= Assigned task =
All of the data should be output character for character, except the pictures.

= Information supplied =
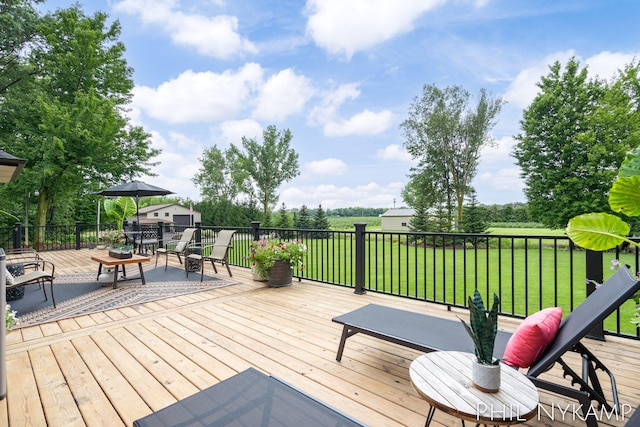 wooden terrace featuring a lawn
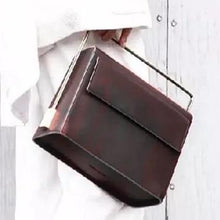 sleek matte black classy bag with metal handle edgability side view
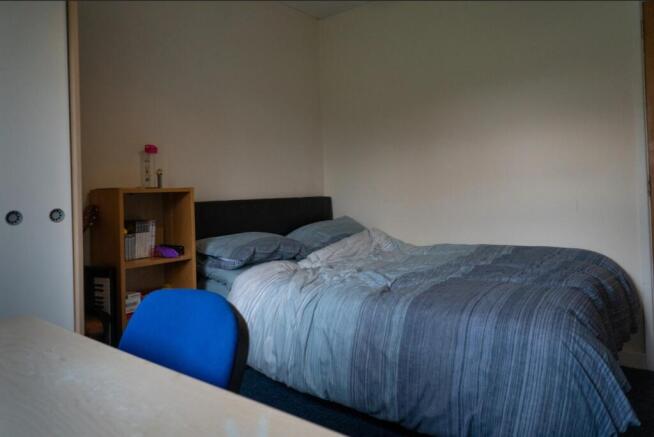A cozy double bedroom featuring a neatly made b...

= Result =
 wooden terrace featuring a lawn
 sleek matte black classy bag with metal handle edgability side view
A cozy double bedroom featuring a neatly made b...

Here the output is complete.